Would you repeat the listing exactly but omit every picture?

[COLLECTED DATA — start]

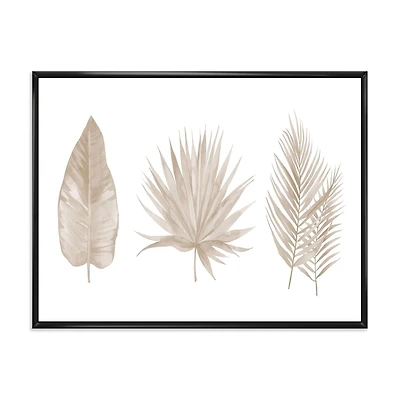 Designart Tropical Beiges Leaves FLOAT FRAME WALL ART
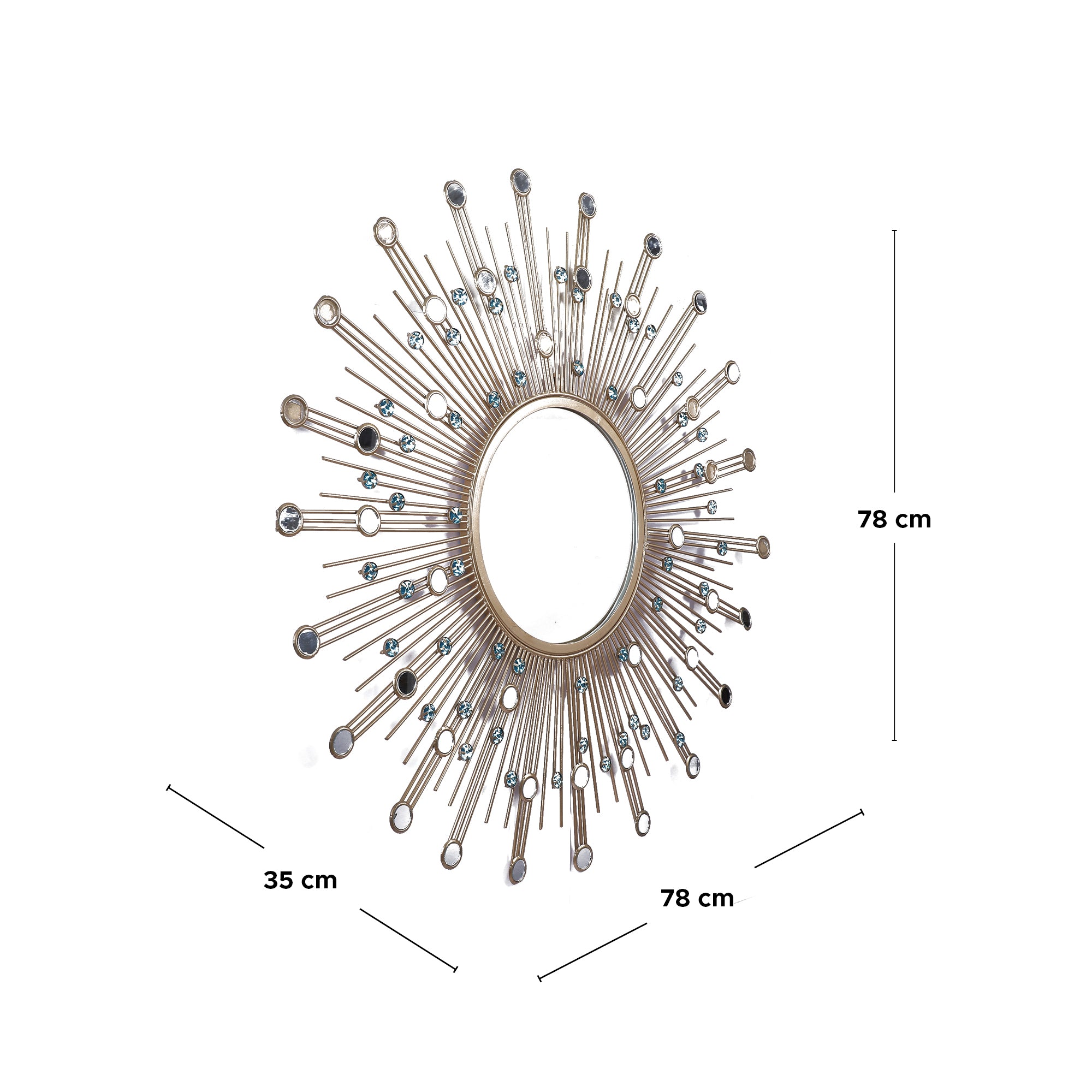 Glamor Iron Mirror in Gold Colour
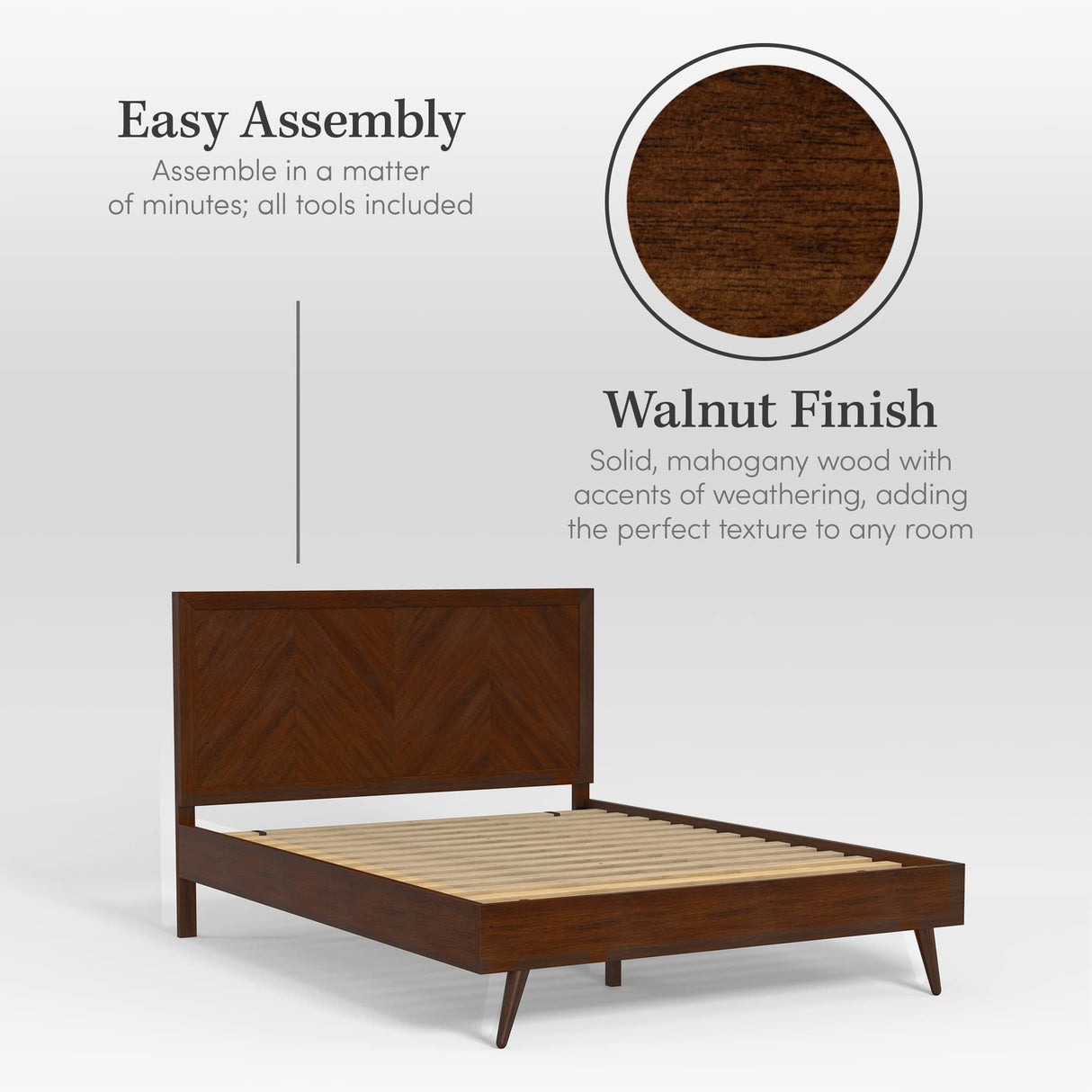 Mahogany Wood Platform Bed Frame with Headboard | King, Walnut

[COLLECTED DATA — finish]

* _RESPONSE AREA_:
 Designart Tropical Beiges Leaves FLOAT FRAME WALL ART
 Glamor Iron Mirror in Gold Colour
 Mahogany Wood Platform Bed Frame with Headboard | King, Walnut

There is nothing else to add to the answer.